SONiC is the first solution to break monolithic switch software into multiple containerized components. SONiC enables fine-grained failure recovery and in-service upgrades with zero downtime. It does this in conjunction with Switch State Service (SWSS), a service that takes advantage of open source key-value pair stores to manage all switch state requirements and drives the switch toward its goal state. Instead of replacing the entire switch image for a bug fix, you can now upgrade the flawed container with the new code, including protocols such as Border Gateway Protocol (BGP), without data plane downtime. This capability is a key element in the serviceability and scalability of the SONiC platform.

Containerization also enables SONiC to be extremely extensible. At its core, SONiC is aimed at cloud networking scenarios, where simplicity and managing at scale are the highest priority. Operators can plug in new components, third-party, proprietary, or open sourced software, with minimum effort, and tailor SONiC to their specific scenarios.

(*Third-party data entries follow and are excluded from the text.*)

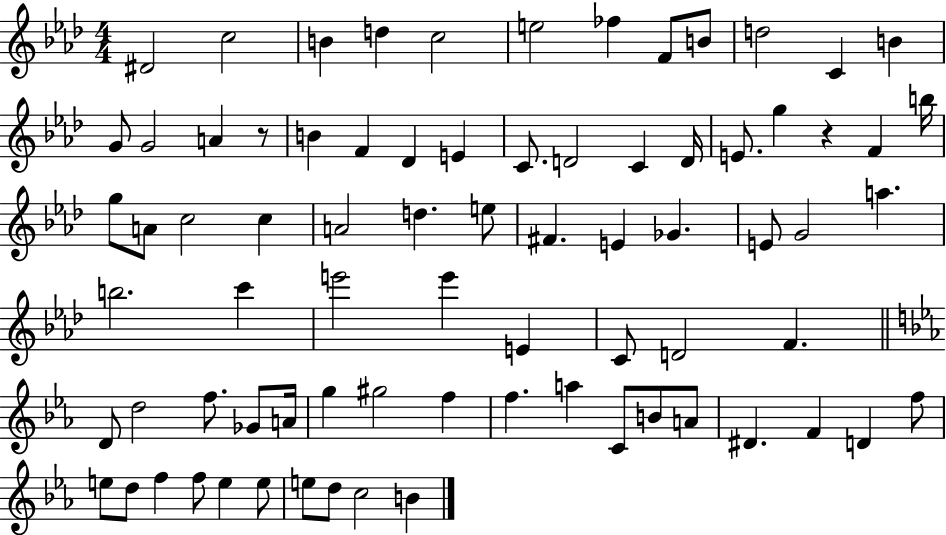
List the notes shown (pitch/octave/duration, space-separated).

D#4/h C5/h B4/q D5/q C5/h E5/h FES5/q F4/e B4/e D5/h C4/q B4/q G4/e G4/h A4/q R/e B4/q F4/q Db4/q E4/q C4/e. D4/h C4/q D4/s E4/e. G5/q R/q F4/q B5/s G5/e A4/e C5/h C5/q A4/h D5/q. E5/e F#4/q. E4/q Gb4/q. E4/e G4/h A5/q. B5/h. C6/q E6/h E6/q E4/q C4/e D4/h F4/q. D4/e D5/h F5/e. Gb4/e A4/s G5/q G#5/h F5/q F5/q. A5/q C4/e B4/e A4/e D#4/q. F4/q D4/q F5/e E5/e D5/e F5/q F5/e E5/q E5/e E5/e D5/e C5/h B4/q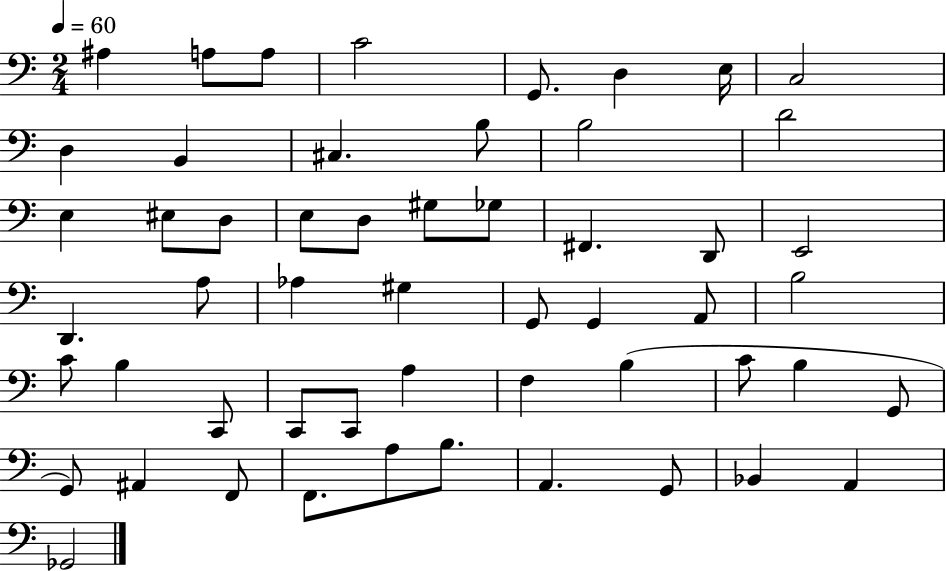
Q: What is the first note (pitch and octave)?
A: A#3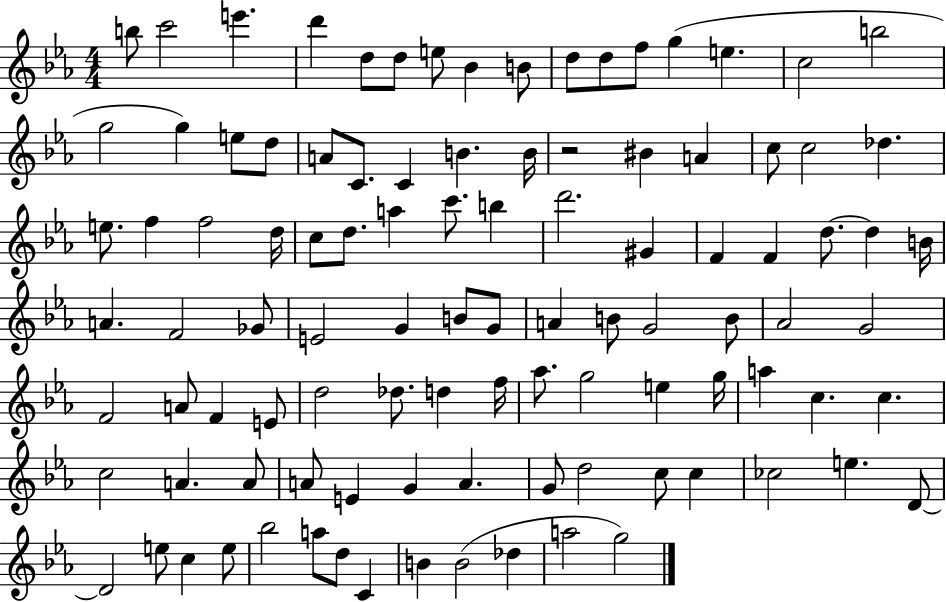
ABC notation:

X:1
T:Untitled
M:4/4
L:1/4
K:Eb
b/2 c'2 e' d' d/2 d/2 e/2 _B B/2 d/2 d/2 f/2 g e c2 b2 g2 g e/2 d/2 A/2 C/2 C B B/4 z2 ^B A c/2 c2 _d e/2 f f2 d/4 c/2 d/2 a c'/2 b d'2 ^G F F d/2 d B/4 A F2 _G/2 E2 G B/2 G/2 A B/2 G2 B/2 _A2 G2 F2 A/2 F E/2 d2 _d/2 d f/4 _a/2 g2 e g/4 a c c c2 A A/2 A/2 E G A G/2 d2 c/2 c _c2 e D/2 D2 e/2 c e/2 _b2 a/2 d/2 C B B2 _d a2 g2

Confirguration and management tools

Figure 2. SONiC: plug and play extensibility

Monitoring and diagnostic capabilities are also key for large-scale network management. Microsoft continuously innovates in areas such as early detection of failure, fault correlation, and automated recovery mechanisms without human intervention. These innovations , such as Netbouncer and Everflow, are all available in SONiC, and they represent the culmination of years of operations experience.

Rapidly growing ecosystem

SONiC and SAI have gained wide industry support over the last year. Most major network chip vendors are supporting SAI on their flagship ASICs:

The community are actively adding new extensions and advanced capabilities to SAI releases:

  • Broadcom, Marvell, Barefoot, and Microsoft are driving advanced monitoring and telemetry in SAI to enable deep visibility into the ASIC and powerful analytic capabilities.
  • Mellanox, Cavium, Dell, and Centec are contributing to protocol announcement to SAI for richer protocol support and large scale network scenarios; for example, MPLS, Enhanced ACL model, Bridge Model, L2/L3 Multicast, segment routing, and 802.1BR.
  • Dell and Metaswitch are bringing failure resiliency and performance to SAI by adding L3 fast reroute and BFD proposals.
  • The pipeline model driven by Mellanox and Broadcom and multi-NPU by Dell enriches the infrastructure that SAI and network stack built on top can apply to.

At the Open Compute Project U.S. Summit 2017, we will demonstrate 100-gigabits switches from multiple switch hardware companies. SONiC is enabled on their latest and fastest SKUs. The platforms that support SONiC are:

With SONiC, the cloud community has choices—they can cherry pick best-of-breed solutions. Partners are joining the eco-system to make it richer:

  • Arista is offering containerized EOS components like EOS BGP to run on top of SONiC. The SONiC community now has easy access to Arista’s rich software suite of EOS.
  • Canonical enabled SONiC as a snap for Ubuntu. It enables MAAS to deploy SONiC to switches as well as using SONiC to deploy the servers. Unified network and server deployment is going to significantly improve the agility of operators.
  • Docker enabled using Swarm to manage the SONiC containers. With its simple and declarative service model, Swarm can manage and update SONiC at scale.
  • Mellanox is using SONiC to unleash the hardware-based packet generation capabilities in the Spectrum ASIC. This is a highly sought-after capability that will help diagnosis and troubleshooting.

By working with the community and our partner ecosystem, we’re looking to revolutionize networking for today and into the future.

SONiC is fully open sourced on GitHub and is available to industrial collaborators, researchers, students, and innovators alike. With the SONiC containerized approach and software simulation tools, developers can experience the switch software used in Microsoft Azure, one of the world’s largest cloud platforms, and contribute components that will benefit millions of customers. SONiC will benefit the entire cloud community, and we’re very excited for the increasingly strong partner momentum behind the platform.